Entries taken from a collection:

:::

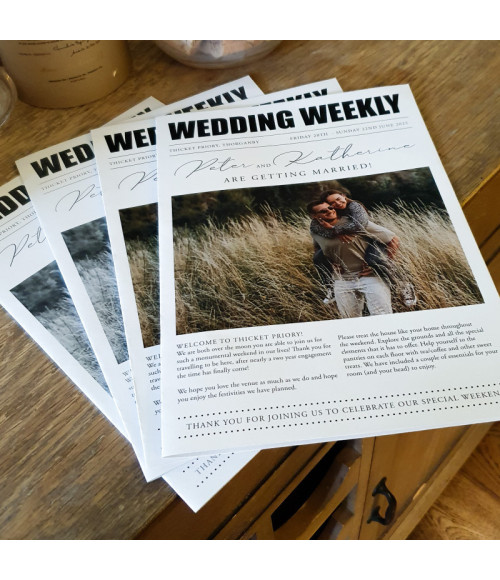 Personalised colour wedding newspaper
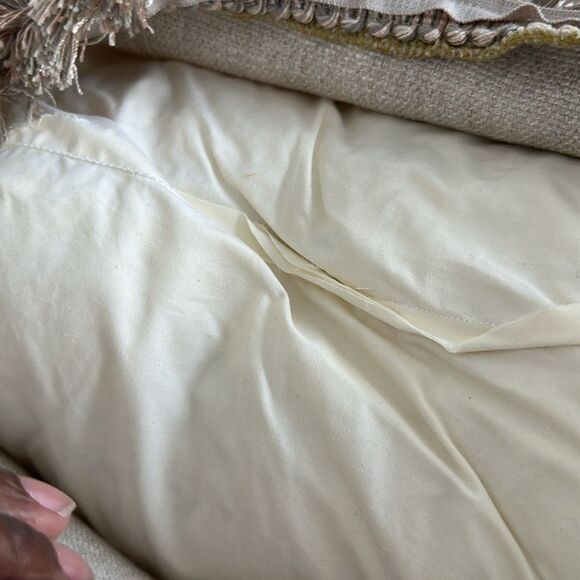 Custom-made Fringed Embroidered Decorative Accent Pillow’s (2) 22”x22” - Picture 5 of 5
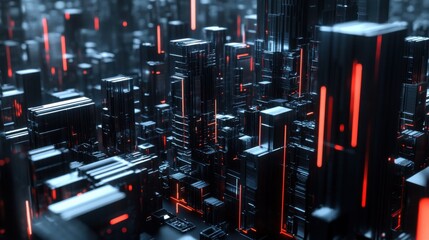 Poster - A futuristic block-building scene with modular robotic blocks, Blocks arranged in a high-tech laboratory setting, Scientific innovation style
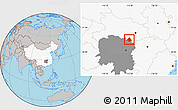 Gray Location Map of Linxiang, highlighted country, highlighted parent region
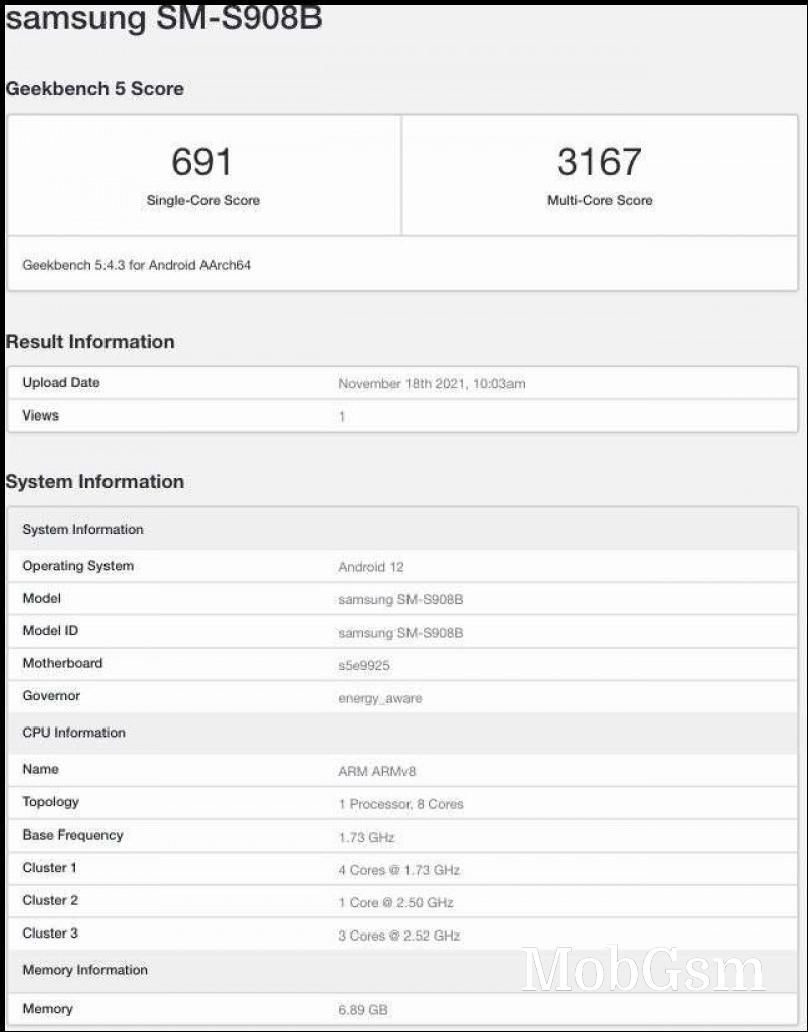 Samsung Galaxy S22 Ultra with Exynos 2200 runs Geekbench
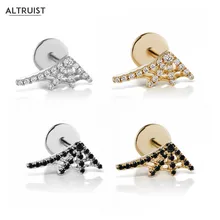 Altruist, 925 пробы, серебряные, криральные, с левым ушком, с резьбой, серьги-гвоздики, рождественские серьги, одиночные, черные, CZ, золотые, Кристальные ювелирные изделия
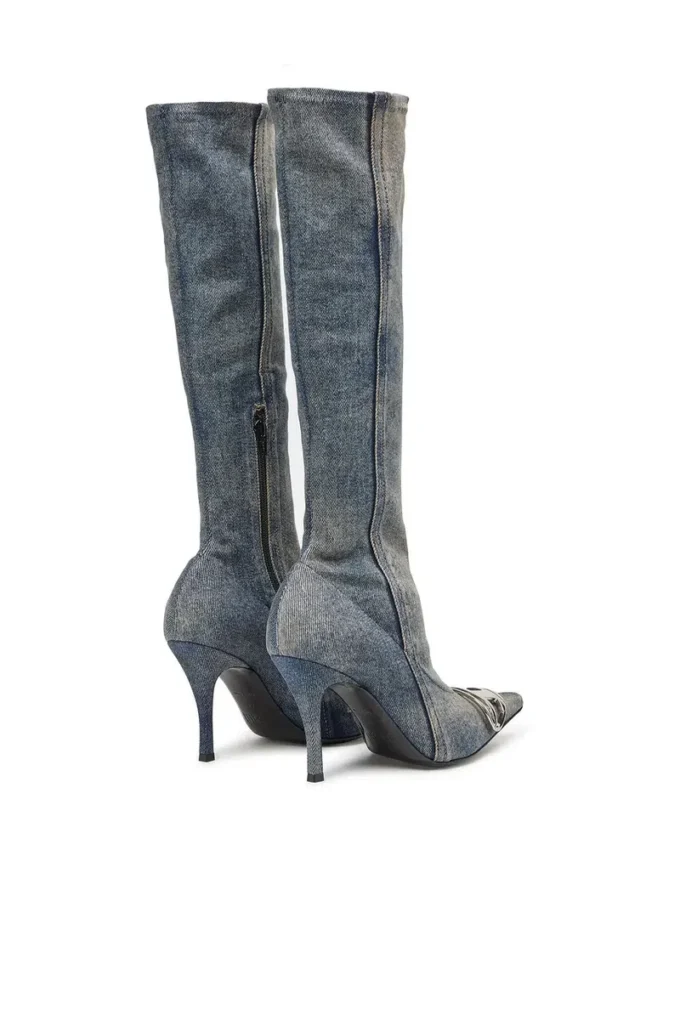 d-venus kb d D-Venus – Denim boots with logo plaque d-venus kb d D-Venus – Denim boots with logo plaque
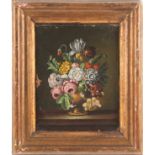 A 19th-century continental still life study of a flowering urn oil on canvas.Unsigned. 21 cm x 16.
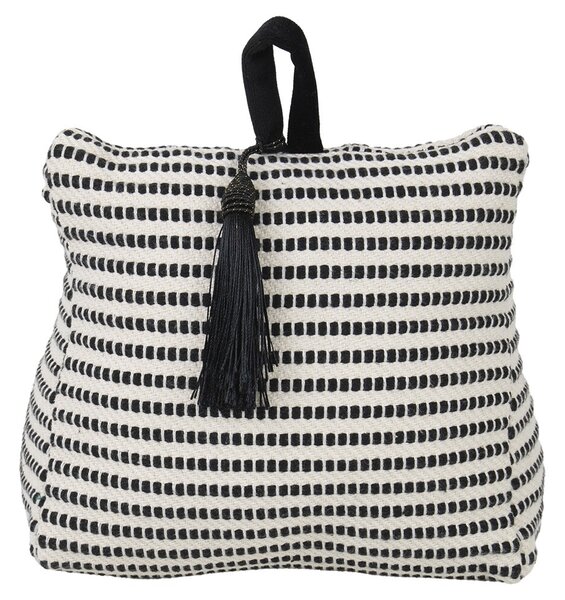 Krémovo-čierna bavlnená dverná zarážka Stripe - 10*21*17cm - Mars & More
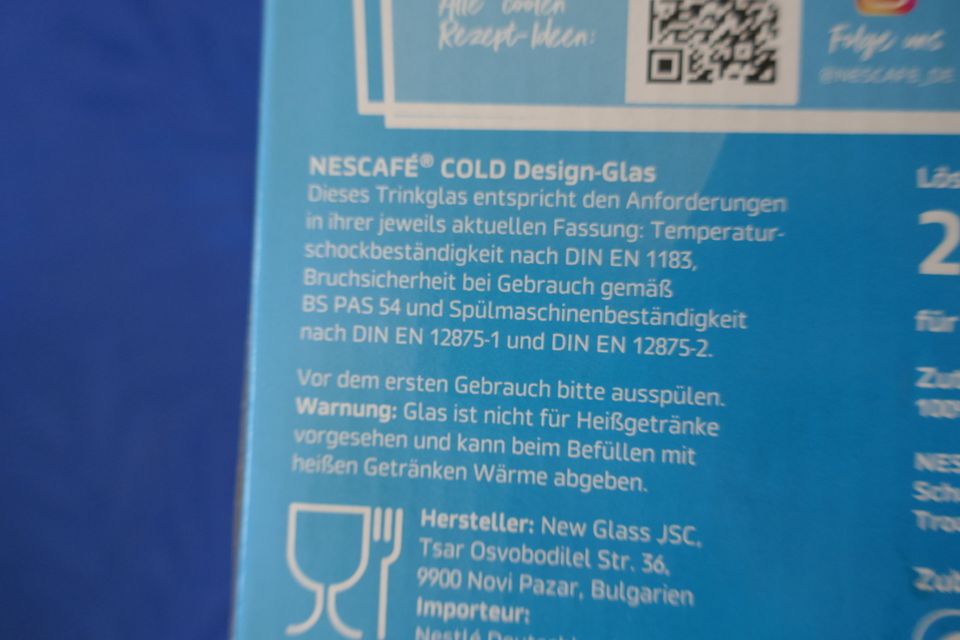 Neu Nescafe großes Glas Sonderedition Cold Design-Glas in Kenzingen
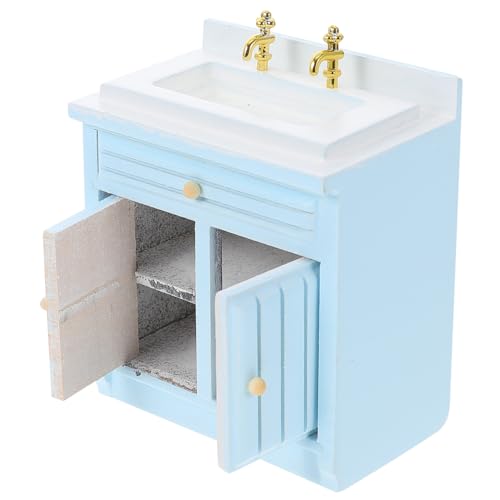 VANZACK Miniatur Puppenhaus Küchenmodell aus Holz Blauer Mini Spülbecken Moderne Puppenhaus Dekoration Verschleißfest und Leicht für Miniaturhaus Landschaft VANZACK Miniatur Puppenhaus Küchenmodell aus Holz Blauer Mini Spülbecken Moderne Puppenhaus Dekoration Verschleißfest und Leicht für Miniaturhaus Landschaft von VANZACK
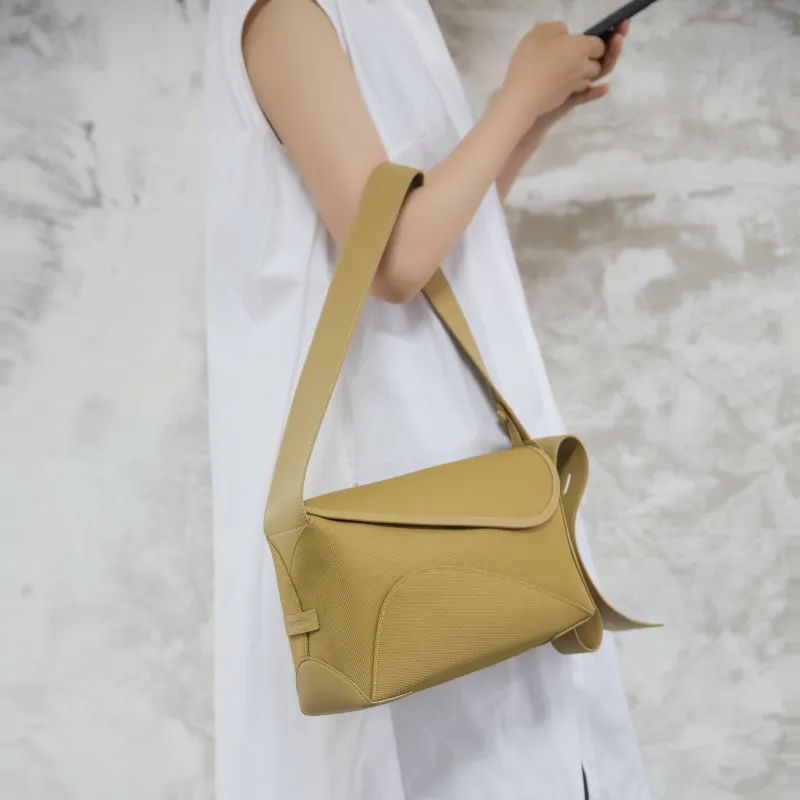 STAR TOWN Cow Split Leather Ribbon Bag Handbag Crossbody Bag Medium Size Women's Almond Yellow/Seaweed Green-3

:::

What you need to do ->
The answer is the lines above, word for word, from the first one through the one containing "A 19th-century continental"; it includes no pictures.

Exercise solution ->
 Personalised colour wedding newspaper
 Custom-made Fringed Embroidered Decorative Accent Pillow’s (2) 22”x22” - Picture 5 of 5
 Poster - A futuristic block-building scene with modular robotic blocks, Blocks arranged in a high-tech laboratory setting, Scientific innovation style
 Gray Location Map of Linxiang, highlighted country, highlighted parent region
 Samsung Galaxy S22 Ultra with Exynos 2200 runs Geekbench
 Altruist, 925 пробы, серебряные, криральные, с левым ушком, с резьбой, серьги-гвоздики, рождественские серьги, одиночные, черные, CZ, золотые, Кристальные ювелирные изделия
 d-venus kb d D-Venus – Denim boots with logo plaque d-venus kb d D-Venus – Denim boots with logo plaque
 A 19th-century continental still life study of a flowering urn oil on canvas.Unsigned. 21 cm x 16.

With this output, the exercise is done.